9回目を迎える『M-1』のファイナリストは、ナイツ、南海キャンディーズ、東京ダイナマイト、ハリセンボン、笑い飯、ハライチ、モンスターエンジン、パンクブーブー(ネタ順)の8組。ファーストラウンドでは、8回連続決勝出場の笑い飯が大会委員長の島田紳助からM-1史上初の満点"100点"を獲得。「100点つけると後の審査で困るけど、もう困ってもええわと思ってつけました」(紳助)と絶賛されるネタで668点をマークし、ぶっちぎりのトップに。そして、注目の敗者復活戦から昨年の王者・NON STYLEが勝ち上がり、大会初の2連覇をかけた熱演で641点を獲得していきなりトップ3にすべり込むなど大波乱となった今大会。この2強と並んで決勝ラウンドを戦ったパンクブーブーは、7名の審査員(紳助、松本人志、上沼恵美子、東国原英夫宮崎県知事、オール巨人、渡辺正行、中田カウス)全員の票を独占するパーフェクトな勝利で見事、チャンピオンの栄冠を手にした。
パンクブーブーは2001年4月結成。それ以前は九州の吉本興業福岡事務所に所属し、それぞれ別のコンビで活動。後に東京に拠点を移した。『M-1』には第1回大会から9年連続で挑戦し、5度の準決勝進出を果たしている実力派。『爆笑オンエアバトル』(NHK総合)、『爆笑レッドカーペット』(フジテレビ系)などに出演しているもののテレビでの露出はほとんどなく、ルミネtheよしもとなどの劇場で腕を磨いてきた。福岡時代の先輩である博多華丸・大吉、タカアンドトシ、宮川大輔、次長課長・河本ら芸人仲間からの評価は高く、「決勝に残れば怖いコンビ」と言われながら、その直前で涙を呑んできた2人の“悲願”が9年目の今年、初めて叶った。
大会後に行われた会見では、開口一番、黒瀬が「実感が湧かないんです。
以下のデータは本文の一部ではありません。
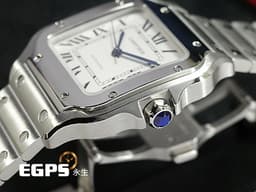 CARTIER 卡地亞 Santos 100 de Cartier 山度士 WSSA0029 中型款 <font color="#70cce1">藍色劍形指針 最新款快拆式錶帶</font> <font color="#ff0000"> 2024年保卡 </font> 自動上鍊 35.1mm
正直、笑い飯さんが優勝するものと思っていたので」とコメントし、まだ優勝が信じられないといった様子の2人。決勝初進出を決めたときには「3時間も泣き続けた」という黒瀬だが「びっくりしすぎて涙も出ない(笑)」と驚きを明かした。佐藤は「紳助さんに『M-1で優勝したら、吉本やとギャラが1.8倍になる』って言われたんですけど、月に13~14万円程度の僕らのギャラでは、あんまり大したことないんじゃないかと……」(佐藤)とぶっちゃけて笑わせながらも、「漫才は楽しいけど苦しいことでもある。それでもM-1とがっつり向き合ってきました」と9年の苦節を振り返り、喜びを噛みしめていた。
また、会見に出席した紳助は「笑い飯の1本目のネタには感動したけど、決勝ラウンドはこいつら。審査員みんなが納得した優勝です。彼らは漫才を10回やってもその全部が上手いと思う。それぐらい力のあるコンビ」と2人を絶賛。「これまでの露出が少ないぶん、これからが恐怖。いろんなテレビに出てすべったらどうしようとかそればっかりが気がかりで」と初々しい不安を漏らす2人に、「9年もやってんねんから大丈夫! ギャラも18万円ぐらいにはなるやろうけど、急にお金なんか入ってけぇへんし(笑)。(M-1歴代王者の)ブラックマヨネーズやチュートリアルのようにフリートークを磨いてがんばってください!」と激励していた。